Beijing, 17 April 2013
Spring was in the air this weekend! The temperature was definitely higher, the trees were getting a cover of green fuzz
Little violets were blooming along the side of the streets
so my wife and I decided to stop hugging our radiator and go out for a walk.
I thought this was a good time to go and visit a small park I had noticed behind our apartment block, which I often pass when coming back from the airport. It always seems to be seething with locals, exercising, chatting, playing, or just sitting. So off we went, past our local 7-11, past the newspaper stand where my wife gets her phone top-ups, past our Chinese supermarket, past the man who mends our shoes, past old (well, old for China) blocks of apartments, until we finally arrived at the park, wedged between the highway coming in from the airport and a local road.
It was good that we went because the fine weather had brought out the local mah-jong players. I had last seen such a group back in 2009 when we took a walk along Qianhai lake on the last day of October – I remember the day well, the next day it snowed. In the intervening years, I had been keeping a weather eye out for other mah-jong players, but no such luck. I had seen card players, I had seen players of Chinese chequers, I had seen domino players, but I had not seen a single further group of mah-jong players. My luck had finally turned, the good weather had brought them out of hibernation.
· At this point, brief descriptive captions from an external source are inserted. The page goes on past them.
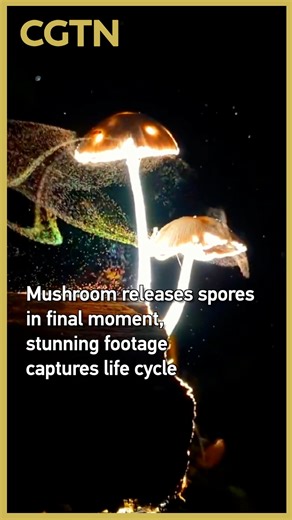 CGTN on Instagram: "A netizen captured rare footage of a mushroom releasing its spores shortly before decaying, vividly demonstrating a key biological process. The moment reveals how reproduction occurs at the end of a mushroom's life cycle, giving rise to countless new lives. #cgtn #cgtnreel"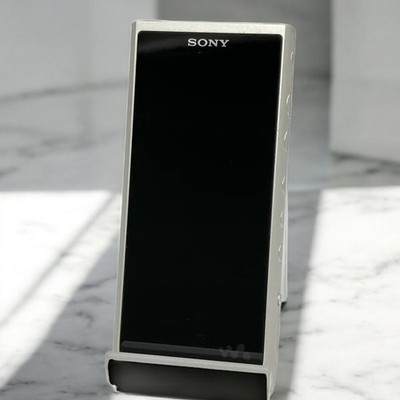 Sony Walkman NW-ZX507 Android Hi-Res Balanced Audio Player Silver Used Japan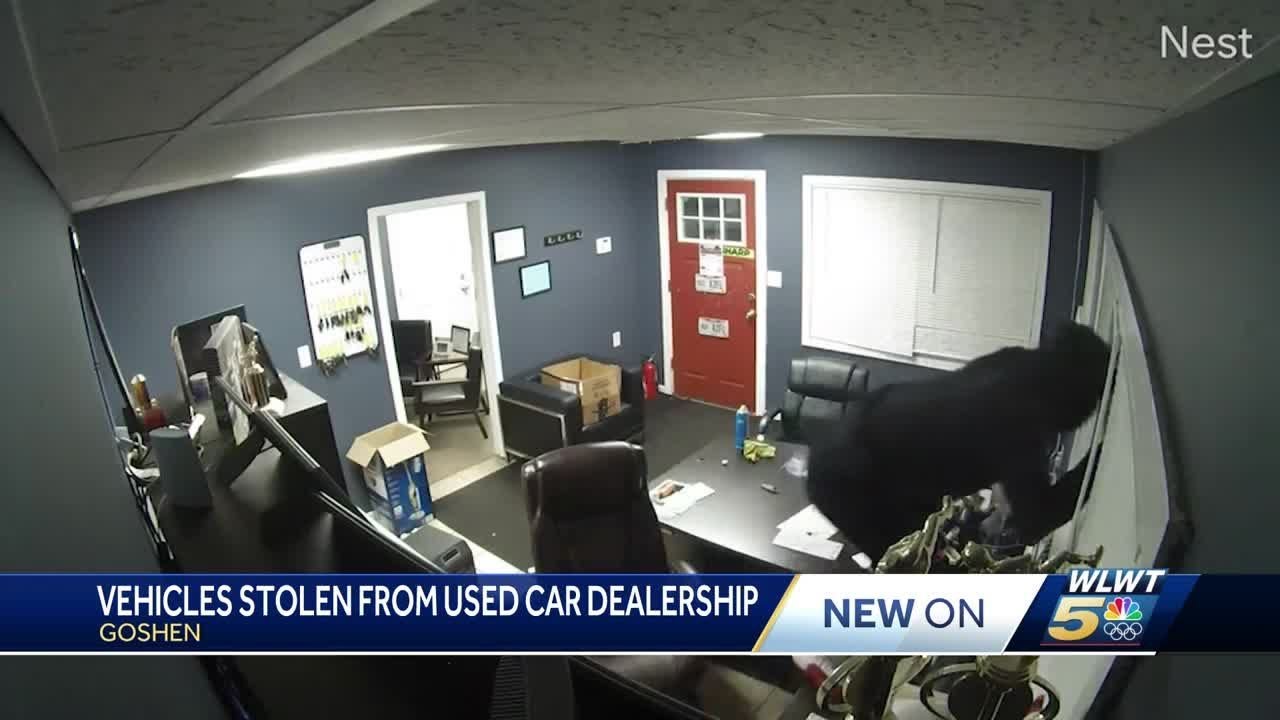 Brazen car theft caught on camera as thieves smash through dealership window to grab keys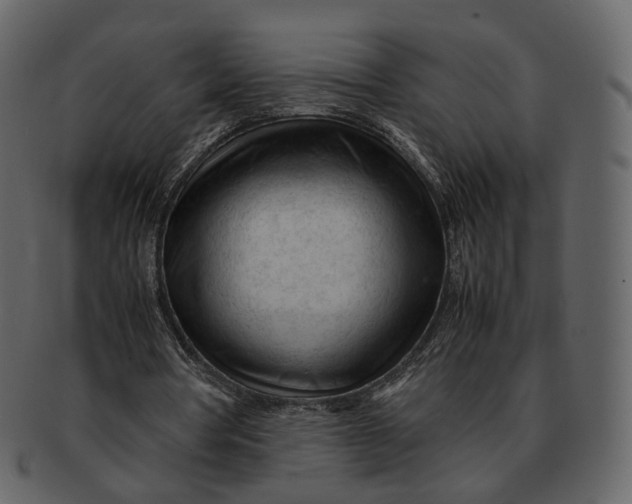 X0000092310386200710051242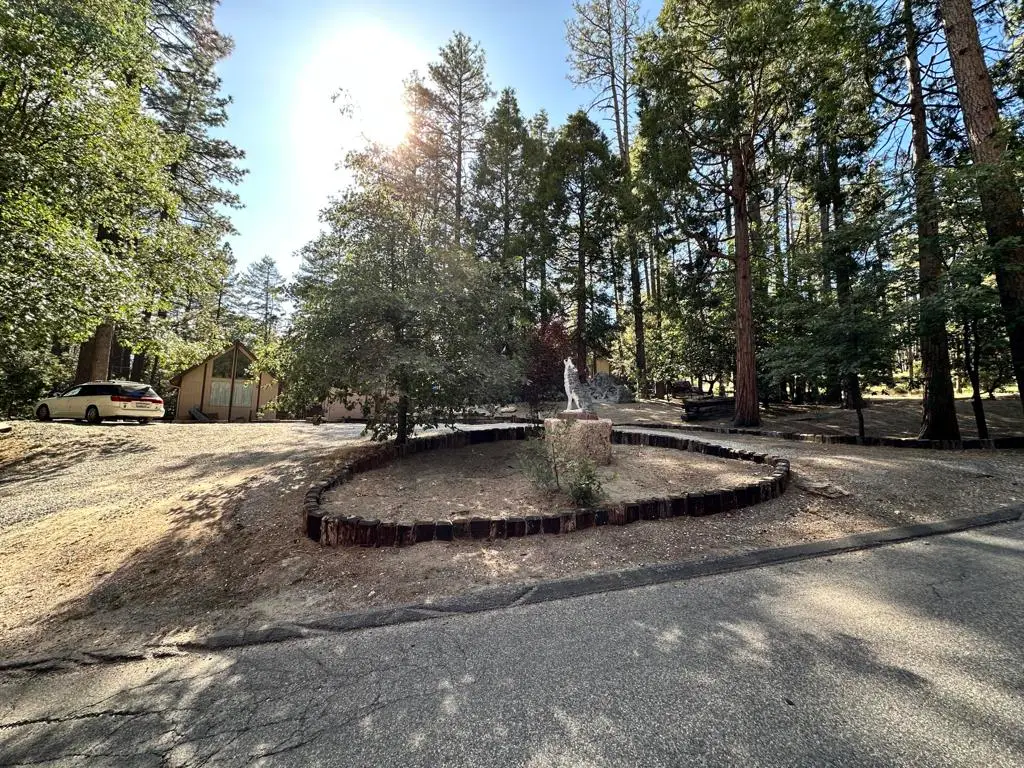 26305 Delano Drive, Idyllwild, CA 92549 - #1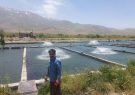 اخطار به متخلفان ساخت‌وساز غیرمجاز در مسیر آب مزارع پرورش
ماهی ازنا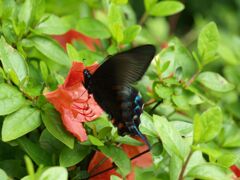 カメラ目線（可愛く撮ってね）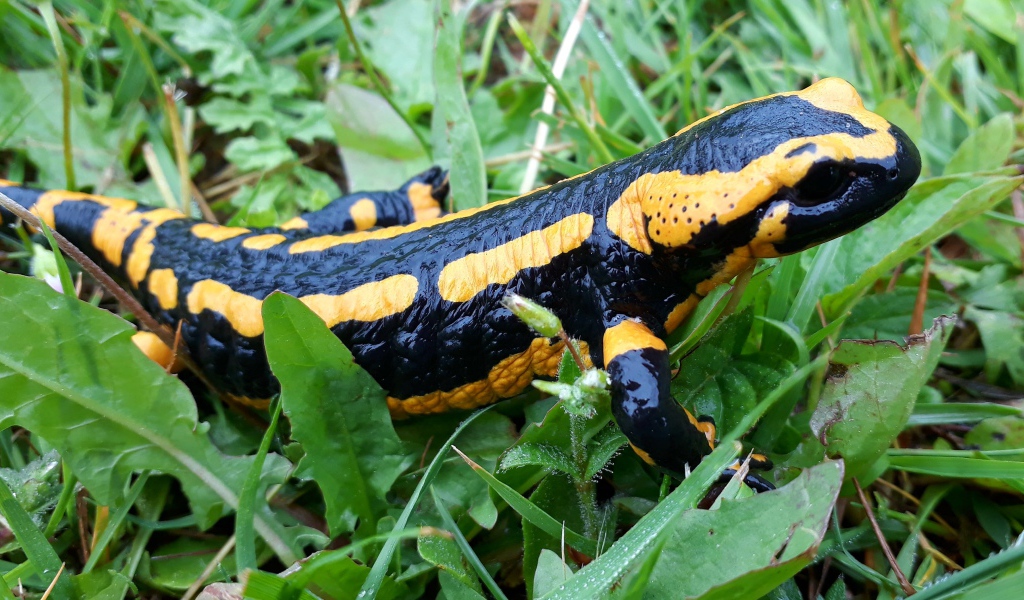 Красивая саламандра в зеленой траве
So we wandered around, from table to table, watching as the players shuffled their tiles, built their walls, smacked down their tiles, and in some mysterious way won or lost. We watched a few Yuan bills discretely changing hands at the end of games, so the stakes were high!
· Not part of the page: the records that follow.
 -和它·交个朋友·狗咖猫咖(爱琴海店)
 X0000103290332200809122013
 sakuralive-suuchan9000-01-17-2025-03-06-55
I’ve had a certain fascination with mah-jong ever since, many years ago, I read Agatha Christie’s The Murder of Roger Ackroyd. At some point, Dr. Sheppard and his sister Caroline spend an evening playing the game with local friends (a retired Army officer and a spinster) and Dr. Sheppard wins in some rare and extraordinary fashion.
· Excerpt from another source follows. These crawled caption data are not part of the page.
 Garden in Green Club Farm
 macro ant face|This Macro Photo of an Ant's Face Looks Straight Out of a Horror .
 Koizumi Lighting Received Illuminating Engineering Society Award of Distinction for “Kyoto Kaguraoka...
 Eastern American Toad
The situation became more strained. It was annoyance at Miss Gannett’s going Mah Jong for the third time running which prompted Caroline to say to me as we built a fresh wall: ‘You are too tiresome, James. You sit there like a deadhead, and say nothing at all!’ ‘But, my dear,’ I protested, ‘I have really nothing to say that is, of the kind you mean.’ ‘Nonsense,’ said Caroline, as she sorted her hand. ‘You must know something interesting.’ I did not answer for a moment. I was overwhelmed and intoxicated. I had read of there being such a thing as The Perfect Winning – going Mah Jong on one’s original hand. I had never hoped to hold the hand myself. With suppressed triumph I laid my hand face upwards on the table. ‘As they say in the Shanghai Club,’ I remarked – Tin-ho – the Perfect Winning!’ The colonel’s eyes nearly bulged out of his head.
This scene has always struck me as so British (of a certain period and of a certain class): here are quintessentially British people in their cosy parlour in the evening playing some exotic game which clearly has been imported from some far-flung imperial outpost – Hong Kong or Shanghai’s International Concession or some such place. It is a world that the recent Poirot TV series admirably captures. This photo from the 1930s gets the atmosphere although these particular people are playing a card game.
Ever since I read that book, I’ve wondered how exactly this mah-jong game is played. When my daughter introduced me to the mah-jong videogame I thought I had the answer and spent many happy hours pairing tiles and watching them disappear in a puff of virtual smoke. But once I arrived in Beijing and watched the locals play, I realized that I had been barking up the wrong tree. So I surfed the web to find the rules for mah-jong. Alas! As everyone knows, you cannot learn a game from reading the rules:
Breaking the Wall: East throws the dice, adds the total, and counts off the players, starting with East, working anti-clockwise according to the number thrown. The player where the count ends throws the dice again, adds the total of both throws, and uses this total to count along his wall from right to left. Where the count ends is where the player breaks the wall. He removes the pair of tiles at that point, places the top tile on top of the previous tile and the lower tile in a position two positions further anti-clockwise. These two tiles are called “loose tiles”.
My wife and I have agreed that we need to find an – English-speaking – club somewhere in Beijing, where we can learn the game by playing it. In the meantime, we have bought a set of mah-jong tiles. We found a lovely old set tucked away in the back corner of a shop here.
I can’t wait to announce triumphantly “Tin-ho! the Perfect Winning!”